Tim noted Bear's pleased little smirk. "Oh, no," he said flatly. "Whatever are we to do?"

A proud finger shot up. "Have no fear. I called my hook at the IRS, turns out RestWell Motel in Culver City filed a W2 for a Reginald Rondell. RestWell central payroll in Bakersfield – believe that shit? – confirmed he's a current employee. His shift started" – Bear consulted his watch dramatically – "twenty minutes ago."

All this in the hour since Tim had called to fill him in from the road. On Arrest Response Team raids, Tim was the number one on a door-kick entry stack, Bear at his back. During intense fugitive roundups, they sometimes hit as many as fifteen dwellings a day.
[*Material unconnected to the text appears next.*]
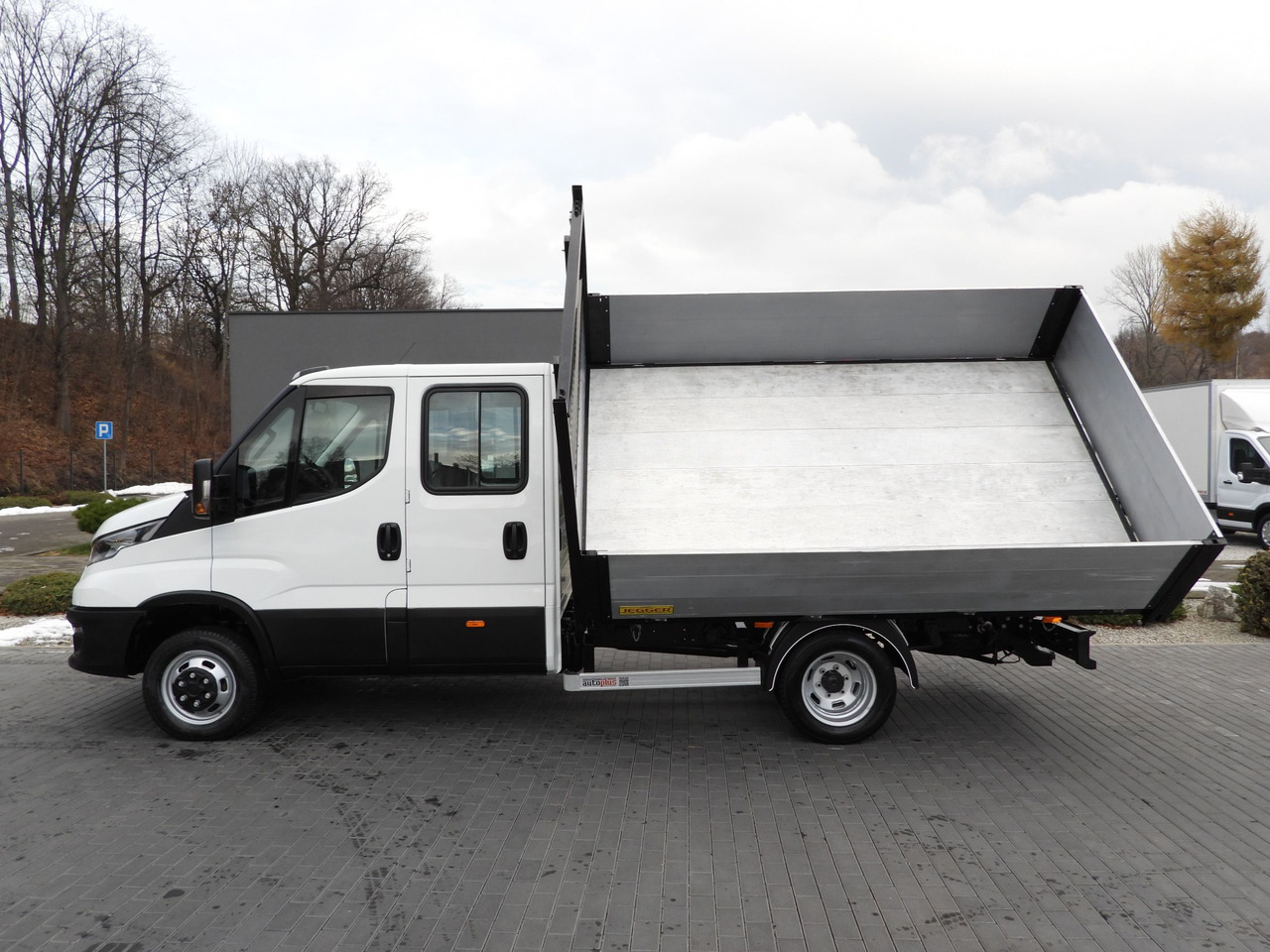 Komercauto pašizgāzējs IVECO DAILY 50C16 THREE-WAY TIPPER DOUBLE CABIN DOKA 6 SEATS CRUISE CONTROL PNEUMATICS TWIN WHEELS AIR CONDITIONING 160HP: foto 10 Komercauto pašizgāzējs IVECO DAILY 50C16 THREE-WAY TIPPER DOUBLE CABIN DOKA 6 SEATS CRUISE CONTROL PNEUMATICS TWIN WHEELS AIR CONDITIONING 160HP: foto 10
Trigger time like that went a long way toward fire-forging a friendship.

Tim rested a hand on Bear's shoulder. "It's good to be back."

Bear studied him, his face shifting into a smile.

They rose to go, Tim readjusting the. 357 in his waistband, Bear humming the theme to Baretta as they passed through both security doors into the tiled corridor outside. The wall abutting Cell Block hid a foot of concrete and reinforced steel.

The snickering approach of a few deputies soured Tim's mood. A prisoner between them, Thomas and Freed eyed Tim as they stopped to slide their weapons into the gun lockers outside the Cell Block entrance.

"Hey, Rack?" Thomas's voice was edged and nasty. "I seem to have misplaced my Charles Bronson video. Maybe you've seen it. It's -"

"I know," Tim said. "Death Wish. Why don't you two go sit in Isolation Three and see if you can work up some fresh material?"

Their prisoner, a heavyset Latino in wrist and ankle cuffs, sniggered as the court security officer buzzed them through. Thomas mumbled something to Freed as they steered the suspect brusquely through the door.

Tim and Bear continued down the hall in silence. Bear punched the elevator button a little too hard. The car arrived, and they stepped on. Bear's face kept its pissed-off cast for a few floors, then loosened. "I would have gone for The Stone Killer myself."

Seated in Bear's Dodge Ram in the parking lot, they watched Reggie at the motel front desk. As Bear had promised, they'd found him on shift, elbows on the counter, fists shoving his cheeks skyward. He was entranced by the hatchetfish and platies circling listlessly in the fifty-gallon aquarium next to the blotter. Gray bags rimmed both eyes, raccoon-defined against his sallow skin. A flannel shirt, standard red and black checks, hung over his rail-thin frame, his wrists poking from the sleeves. Had Tim not known Reggie's age, he would have put him near forty.